> _Instructions for the task_
Your output should be everything below from the line containing "CK900938 | Turnierfotografie" down to the line containing "Installing Straw Bale", both ends included, copied exactly, with pictures left out.

> _Material shown_
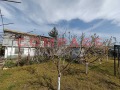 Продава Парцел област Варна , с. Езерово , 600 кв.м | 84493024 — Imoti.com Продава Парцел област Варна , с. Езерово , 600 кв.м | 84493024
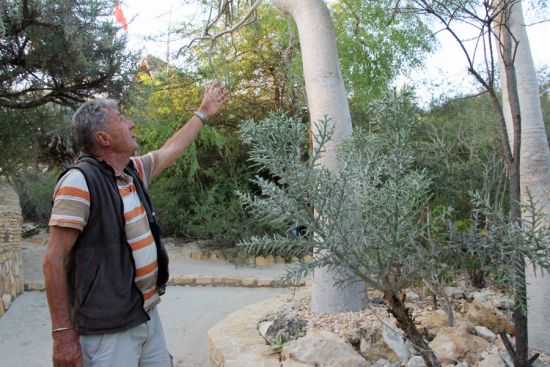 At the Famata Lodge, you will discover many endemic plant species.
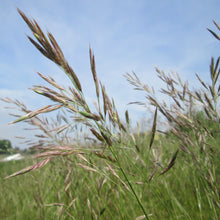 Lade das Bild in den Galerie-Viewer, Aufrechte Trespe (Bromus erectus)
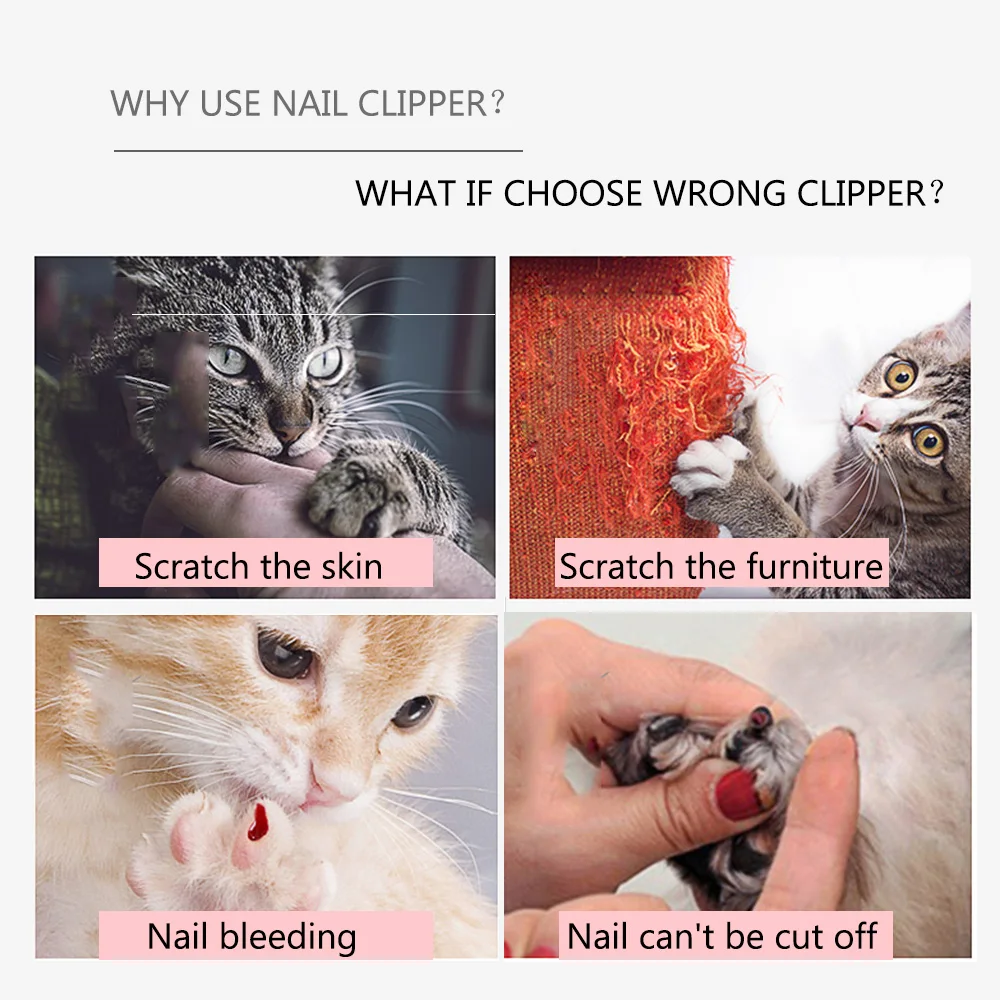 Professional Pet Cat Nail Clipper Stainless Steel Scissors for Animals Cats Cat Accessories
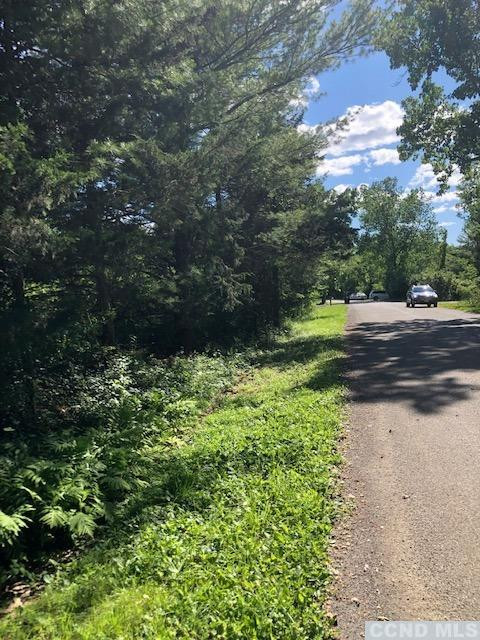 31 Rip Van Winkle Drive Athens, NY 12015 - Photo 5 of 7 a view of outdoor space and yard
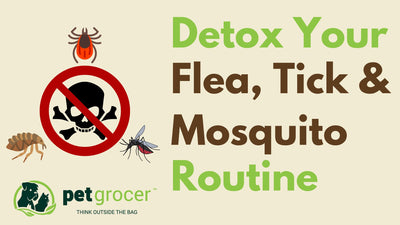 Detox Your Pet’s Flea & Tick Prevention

--

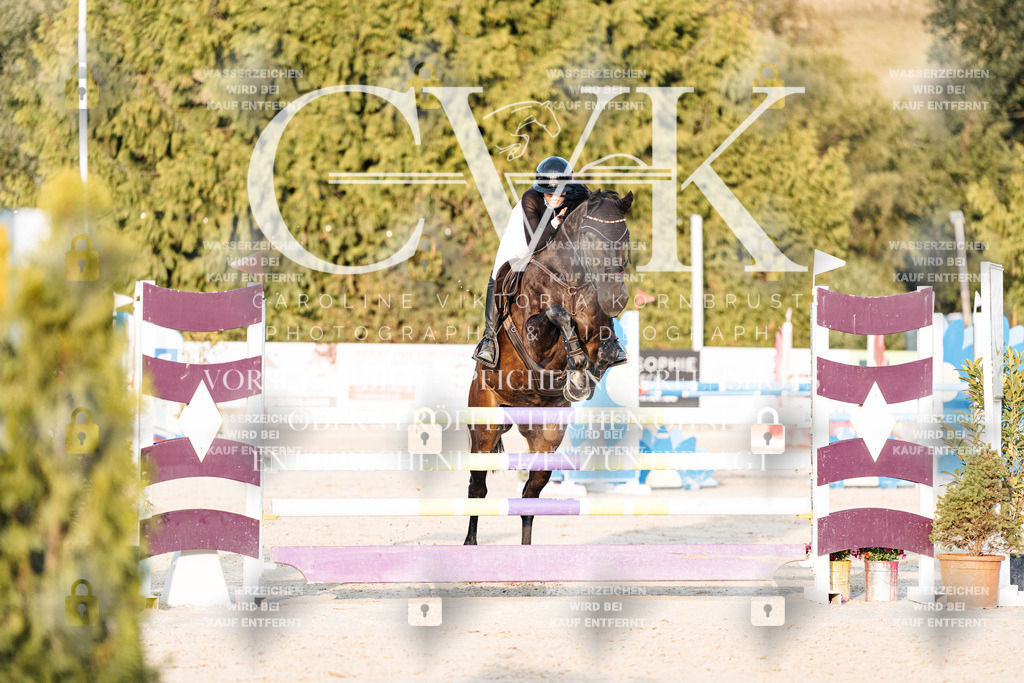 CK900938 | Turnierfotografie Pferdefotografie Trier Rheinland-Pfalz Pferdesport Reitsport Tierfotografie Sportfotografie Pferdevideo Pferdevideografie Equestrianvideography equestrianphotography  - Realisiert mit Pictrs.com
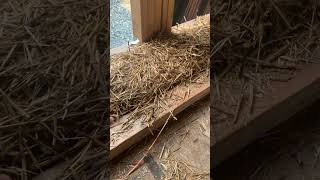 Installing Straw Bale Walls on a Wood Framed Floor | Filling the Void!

---

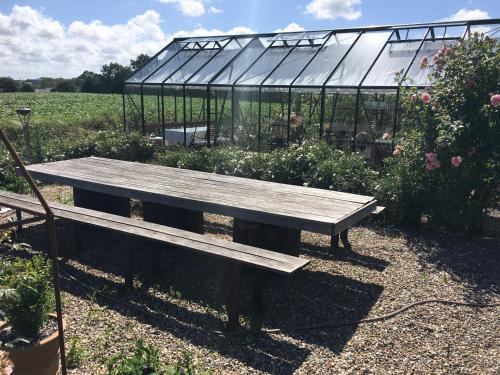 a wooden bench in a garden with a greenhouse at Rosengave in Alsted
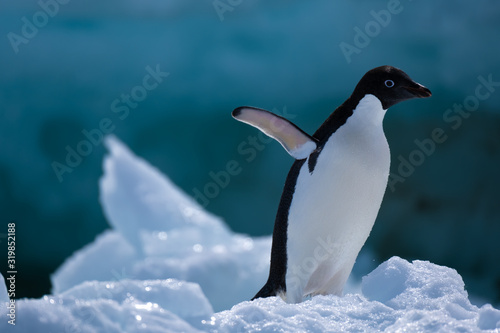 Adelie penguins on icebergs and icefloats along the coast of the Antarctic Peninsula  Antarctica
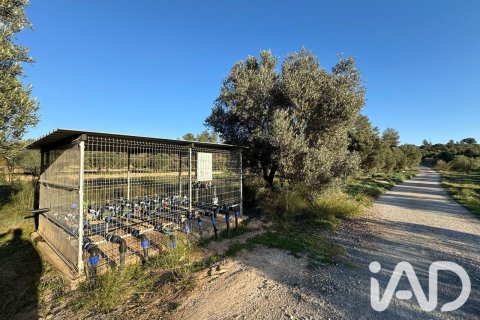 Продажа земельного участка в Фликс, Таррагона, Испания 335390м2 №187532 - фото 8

> _Exercise answer_
 CK900938 | Turnierfotografie Pferdefotografie Trier Rheinland-Pfalz Pferdesport Reitsport Tierfotografie Sportfotografie Pferdevideo Pferdevideografie Equestrianvideography equestrianphotography  - Realisiert mit Pictrs.com
 Installing Straw Bale Walls on a Wood Framed Floor | Filling the Void!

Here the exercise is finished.